In the last 20 minutes, the film picks back up where the first 20 minutes left off, a quick look at a couple of government water projects outside the US that affect the supply of others. Its message about the social effect was that when neighboring countries have water disputes, it actually ends up being the topic that brings them together amicably with a shared future vision.
Super Reviewer
July 15, 2013
Presents the issue of water from a good number of angles to expose a crisis with many different fronts to fight on. Although the attempt at hope at the end of the film is intended to motivate, it represents what is likely too little, too late.
½ May 4, 2013
The movie start with the exposure of the biggest problem and establishes it well that the war of twenty century will be a war on Water, not power of military forces or nuclear power but simply the number natural resource which is known as water.

The theme is relevant and critically catchy, yet also scary that water crisis is happening and soon the earth will no longer have enough water for its population.

My biggest interest is how. A film is put together, the editing and scrip. The script is well developed and the process of the film developing is slow but slow enough. The idea of shifting the subject from water shortage in America to contaminated water in America. With one of my favorite character making an appearance Erin Brockovich lifting the story from standard to what she is known to do, going around and helping people suffering from cancer due to water contamination. The story enfolds as it finally touches the emotional side. The fear of contaminated water growing

As the story comes to a great wrap up, the question is, is there a water shortage around the world or is that the world has become over populated as time advanced in the last last 15 years.

Overall this movie is a great documentary, it may not be the best documentary I have seen but it was a pretty darn good topic to address and a pretty good topic for the next generation to focus on.

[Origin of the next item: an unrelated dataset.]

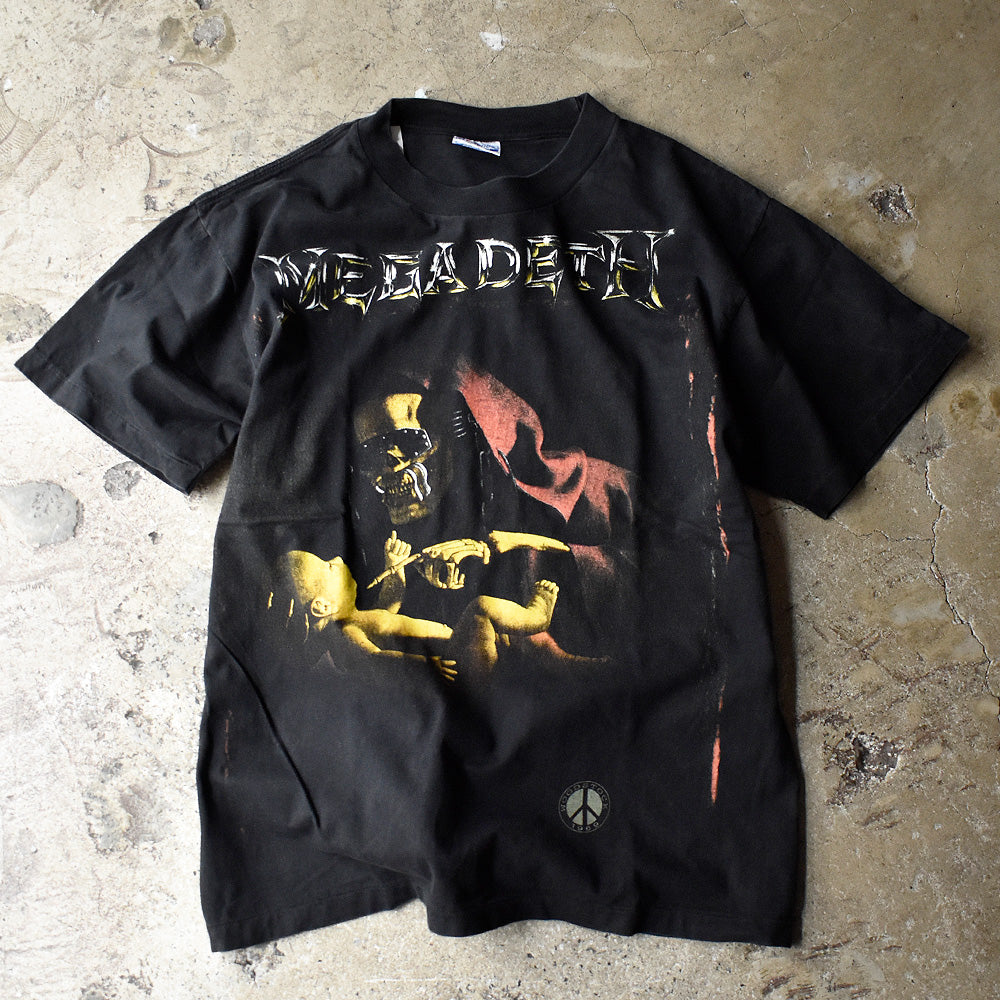 90's MEGADETH Tシャツ 240418H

I give this movie a score of 3 out of five.
February 21, 2013
what an eye opener! I knew the world's water situation was bad but I always took North Americas water for granted. That will not happen anymore, I will do what I can and learn what I can to help preserve our water.
December 5, 2012
A sobering look at the loss of probably our most precious resource.
½ November 14, 2012
Usually not a ''doc'' fan but this was informative and well made.
November 9, 2012
Must see movie for kids and adults !
½ October 31, 2012
Another worthless propaganda film made to manipulate the thinking of the scientifically illiterate public...
June 24, 2012
This doc was freaking great. Scary and sad, but great.
May 13, 2012
Documentary on the water crisis.
May 6, 2012
Watch this movie. You might learn that water is the single factor that ties our man-made environmental problems together. It has no boundaries. Solving this problem is a great place to start repairing the world.
May 3, 2012
It's a great movie. Intense, visually striking, entertaining, depressing, cinematic, surprisingly exhilarating. Most importantly, it's entertaining and factually correct. It has journalistic bona fides while still remembering to keep an audience emotionally invested. Top notch.
March 2, 2012
I saw this at a local film festival. A poor mish-mosh of issues around water and now tainted by the fact that one of their leading voices Peter Gleick is being investigated for falsifying information. The film wasn't that good before this scandal about their prime expert.
½ November 30, 2011
I was able to see this film at the Savannah Film Festival and it was great! I thought about skipping it because I had a lot to do that week, but I was so glad I stayed around and saw it. It was funny, sad, snarky (where needed) and informative. Kept me interested the whole time and it was all about water... and the lack of.